Apenas empiezan a levantarse los vuelos de una discusión que debería tener a todo el país de pie, en vilo, expectante y aportando su apoyo para que haya justicia porque, independientemente del resultado del juicio contra Ríos Montt (todos sabemos cómo se dan las cosas y cómo se resuelven la mayoría de estos casos en nuestro país), por primera vez uno de los protagonistas de nuestra recién pasada historia está siendo juzgado por genocidio. Una palabra casi prohibida, muchas veces negada. Ahora, finalmente pronunciada y puesta sobre la palestra.
Dice el diccionario de la Real Academia Española sobre el genocidio, que este es el: “Exterminio o eliminación sistemática de un grupo social por motivo de raza, de etnia, de religión, de política o de nacionalidad”. Los libros que he leído sobre esa época de terror, la mayoría de autores y estudiosos nacionales y extranjeros que analizan ese período, así lo dicen. Hoy, no sé de qué manera, bajo qué arduas y contrarias condiciones, han logrado reunir las suficientes pruebas y testimonios para que se juzgue a quienes impartieron las órdenes para nuestro propio holocausto.
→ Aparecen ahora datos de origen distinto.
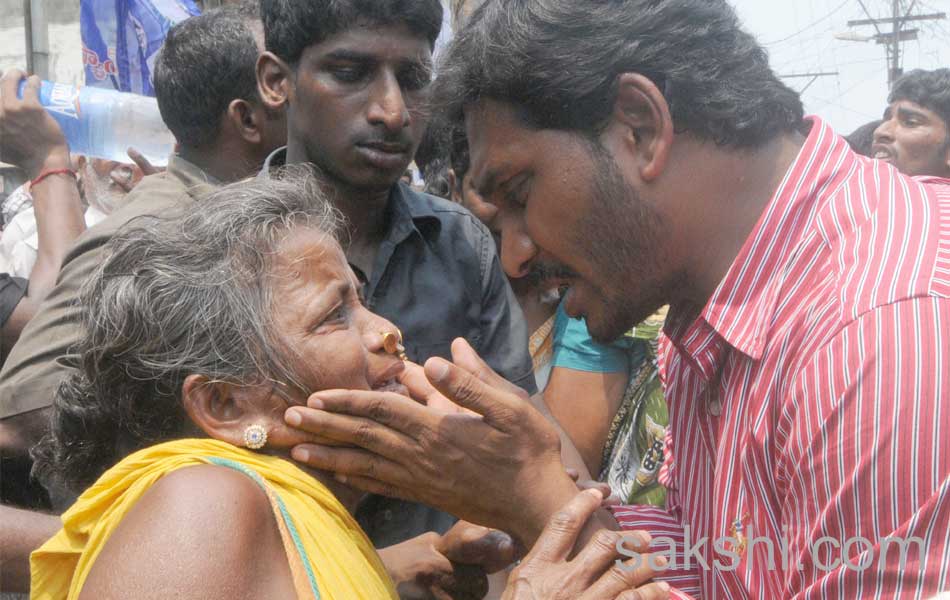 Jagan road show in Tekkali - Sakshi6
Hoy hay, además, testigos con el suficiente valor para presentarse ante sus victimarios y hablar con voz propia.
Solo este cúmulo de hechos es ya de por sí relevante. ¿Qué fuerzas de las que están moviéndose finalmente triunfarán? ¿La justicia o la impunidad? Solo el tiempo lo dirá.
Mientras pienso en este caso, no dejo de recordar las palabras de Luis Cardoza cuando en su “¿Qué es ser guatemalteco?”, dice: “En mi país de indios matar a un indio no es matar a un hombre”. Y en ese silogismo matar a muchos, tampoco.
Nos pone este juicio de frente ante nosotros mismos, ante nuestro racismo, ante nuestra ideología, ante nuestros intereses de clase, de género, de todo. ¿Qué vamos a defender? ¿Ante quién inclinaremos la balanza de nuestro juicio personal?
Tal vez solo esperemos, como la mayoría de guatemaltecos, que este viento pase sin tocarnos. Tal vez creamos que hacernos a un lado como lo hacemos cuando vemos peligro cerca, evitará que esa realidad dolorosa, terrible y vergonzosa nos toque, y al mismo tiempo, podamos seguir indemnes e indiferentes, pero vivos. ¿Vivos?